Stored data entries
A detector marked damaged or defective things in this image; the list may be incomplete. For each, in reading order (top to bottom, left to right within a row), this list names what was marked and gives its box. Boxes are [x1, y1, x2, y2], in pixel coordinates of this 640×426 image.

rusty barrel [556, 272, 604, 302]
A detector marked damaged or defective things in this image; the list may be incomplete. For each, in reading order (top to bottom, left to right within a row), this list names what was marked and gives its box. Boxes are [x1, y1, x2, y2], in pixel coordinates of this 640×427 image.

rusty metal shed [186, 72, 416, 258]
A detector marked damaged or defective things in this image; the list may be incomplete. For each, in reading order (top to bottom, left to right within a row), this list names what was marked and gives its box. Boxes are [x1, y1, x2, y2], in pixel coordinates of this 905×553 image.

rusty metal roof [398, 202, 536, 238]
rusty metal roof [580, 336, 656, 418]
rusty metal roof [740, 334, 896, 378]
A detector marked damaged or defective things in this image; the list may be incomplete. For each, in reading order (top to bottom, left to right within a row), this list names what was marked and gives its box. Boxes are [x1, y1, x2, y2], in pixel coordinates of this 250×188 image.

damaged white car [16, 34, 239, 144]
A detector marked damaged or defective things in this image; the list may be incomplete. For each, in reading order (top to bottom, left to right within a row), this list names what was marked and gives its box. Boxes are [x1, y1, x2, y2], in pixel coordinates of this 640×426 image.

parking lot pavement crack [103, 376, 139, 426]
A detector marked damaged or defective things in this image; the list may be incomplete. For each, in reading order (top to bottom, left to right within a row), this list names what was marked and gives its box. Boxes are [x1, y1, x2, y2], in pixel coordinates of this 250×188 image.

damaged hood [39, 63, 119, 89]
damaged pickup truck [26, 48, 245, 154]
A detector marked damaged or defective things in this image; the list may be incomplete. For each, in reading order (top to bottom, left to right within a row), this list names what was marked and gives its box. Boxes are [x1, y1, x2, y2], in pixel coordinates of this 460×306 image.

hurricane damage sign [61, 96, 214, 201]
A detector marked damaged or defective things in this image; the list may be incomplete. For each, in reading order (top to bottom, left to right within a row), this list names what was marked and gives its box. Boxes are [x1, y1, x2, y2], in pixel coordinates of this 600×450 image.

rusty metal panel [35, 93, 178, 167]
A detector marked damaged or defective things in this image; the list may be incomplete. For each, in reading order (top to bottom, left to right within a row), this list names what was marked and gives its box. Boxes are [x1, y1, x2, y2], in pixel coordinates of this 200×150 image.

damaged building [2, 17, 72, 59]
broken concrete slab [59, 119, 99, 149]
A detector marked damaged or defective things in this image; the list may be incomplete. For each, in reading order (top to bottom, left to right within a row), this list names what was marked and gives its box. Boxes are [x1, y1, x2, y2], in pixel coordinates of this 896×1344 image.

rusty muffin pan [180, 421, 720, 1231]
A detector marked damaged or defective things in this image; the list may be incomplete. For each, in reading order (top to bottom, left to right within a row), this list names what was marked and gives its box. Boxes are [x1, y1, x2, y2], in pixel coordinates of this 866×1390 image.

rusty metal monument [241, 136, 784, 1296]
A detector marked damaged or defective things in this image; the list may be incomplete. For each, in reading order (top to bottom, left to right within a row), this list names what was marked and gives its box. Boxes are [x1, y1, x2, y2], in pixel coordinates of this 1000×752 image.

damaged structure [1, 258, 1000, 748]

# [TASK]
Where the line containing "this 200×150 image." appears in the records above, begin there and print every line through the last, exactly and with nothing else.

# [TASK OUTPUT]
A detector marked damaged or defective things in this image; the list may be incomplete. For each, in reading order (top to bottom, left to right within a row), this list names what was marked and gives its box. Boxes are [x1, y1, x2, y2], in pixel coordinates of this 200×150 image.

damaged building [2, 17, 72, 59]
broken concrete slab [59, 119, 99, 149]
A detector marked damaged or defective things in this image; the list may be incomplete. For each, in reading order (top to bottom, left to right within a row), this list names what was marked and gives its box. Boxes are [x1, y1, x2, y2], in pixel coordinates of this 896×1344 image.

rusty muffin pan [180, 421, 720, 1231]
A detector marked damaged or defective things in this image; the list may be incomplete. For each, in reading order (top to bottom, left to right within a row), this list names what was marked and gives its box. Boxes are [x1, y1, x2, y2], in pixel coordinates of this 866×1390 image.

rusty metal monument [241, 136, 784, 1296]
A detector marked damaged or defective things in this image; the list may be incomplete. For each, in reading order (top to bottom, left to right within a row), this list names what was marked and gives its box. Boxes are [x1, y1, x2, y2], in pixel coordinates of this 1000×752 image.

damaged structure [1, 258, 1000, 748]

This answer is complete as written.